The Great Buster: A Celebration
Directed by Peter Bogdanovich (2018) ***
Buster Keaton was one of the funniest, most inventive and influential comedians and filmmakers in history. And yet: how many Buster Keaton documentaries do we need? Historian Kevin Brownlow’s nearly three-hour Buster Keaton: A Hard Act to Follow (1987) was comprehensive but has never been released on DVD in the United States. Director Peter Bogdanovich, who also has a keen appreciation of the master comedian, covers much of the same territory, 31 years later, in The Great Buster: A Celebration. Not much new has been discovered about Keaton’s art since then, but a more easily accessible presentation of his life could possibly reach a larger audience.

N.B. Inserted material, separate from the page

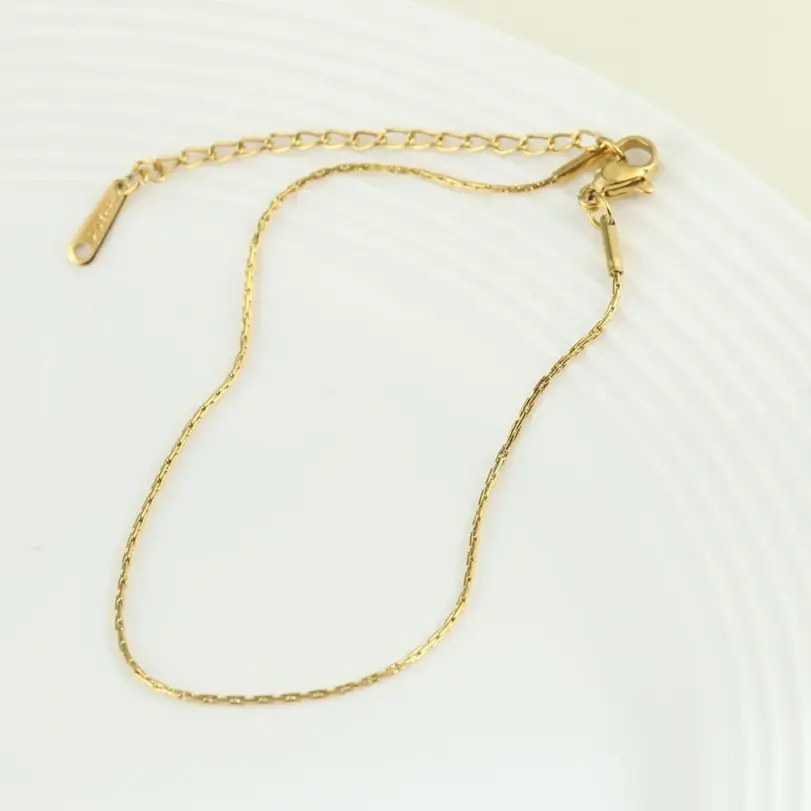 Tobilleras de acero inoxidable 316L a la moda para mujer, joyería bohemia de fiesta a la moda, accesorios de verano para playa sin deslustre 3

That remarkable life has been dissected so often, in a multitude of biographies, documentaries and podcasts that I won’t rehash it here. It’s enough to say Keaton was the proverbial artist ground up and spat out by the Hollywood sausage factory (though he was in good company; a myriad of others were equally used and discharged, among them F. Scott Fitzgerald, William Faulkner, Keaton’s comrade Roscoe “Fatty” Arbuckle, and even D.W. Griffith). Keaton is known for the decade, the ’20s, in which he made one gloriously hilarious short and feature film after another, all independently created on the fly by Keaton and his hand-picked associates, in his own production unit. The films are by turns surreal, suspenseful, endearing and visually inventive, carried by Keaton’s dry wit and physical dexterity.

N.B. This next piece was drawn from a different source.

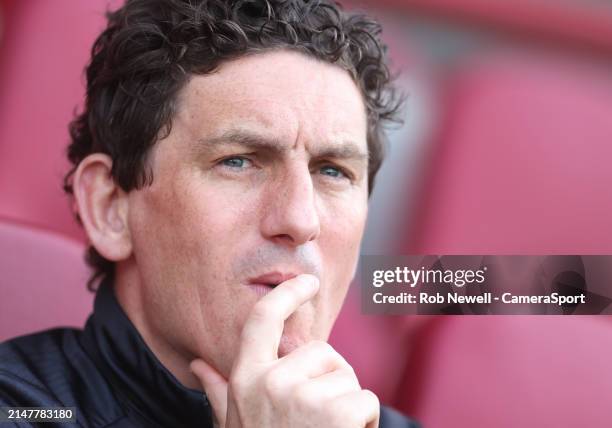 Sheffield United coach Keith Andrews during the Premier League match between Brentford FC and Sheffield United at Gtech Community Stadium on April...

These were films made leisurely, by trial and error, under the direction of no one but Keaton himself. (His The General, Bogdanovich points out, is considered by the American Film Institute as the 18th greatest film of all time). When Keaton’s contract was sold to MGM (coincidentally due to the financial failure of The General, which received poor reviews at the time), he became an expendable cog in their decidedly unfunny corporate apparatus; MGM was notorious for not allowing comedians artistic freedom and for micromanaging. Keaton was put into one unfunny film after another, stripped of his ability to create stories and situations, forced to team, water and oil-like, with the very verbal Jimmy Durante, made to play a loser character degradingly called Elmer. The films are, put bluntly, sad and embarrassing.

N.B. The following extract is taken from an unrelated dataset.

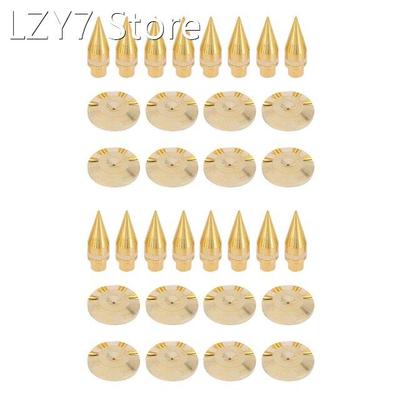 16 Pairs 6 X 36Mm Copper Speaker Spike Isolation Stand + Bas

Keaton’s personal life began reflecting his maddening circumstances; he drank more, and then to excess. His wife, Natalie Talmadge, left him, taking their two sons. MGM fired Keaton. The rest of his career was a long, slow, upward climb, though appreciation for his work and talents was rising when he passed away in the late ’60s.
What does Bogdanovich bring to the screen we haven’t already seen from Keaton? There’s not much —some obscure TV commercials, a small, private segment of Keaton and his wife, Louise, snippets from The Scribe (1966). Most of the new footage are interviews with those who knew, respected or learned from his work: Dick Van Dyke (who read Keaton’s eulogy at the funeral), actors Richard Lewis and Cybill Shepherd, Carl Reiner, Mel Brooks, and Quentin Tarantino. Keaton’s appeal to a broad spectrum of disciplines is revealed when director Werner Herzog is interviewed in the same film as Johnny (Jackass) Knoxville. Jon Watts, the actor behind the mask in Spider-Man: Homecoming (2017), talks of studying Keaton for body language.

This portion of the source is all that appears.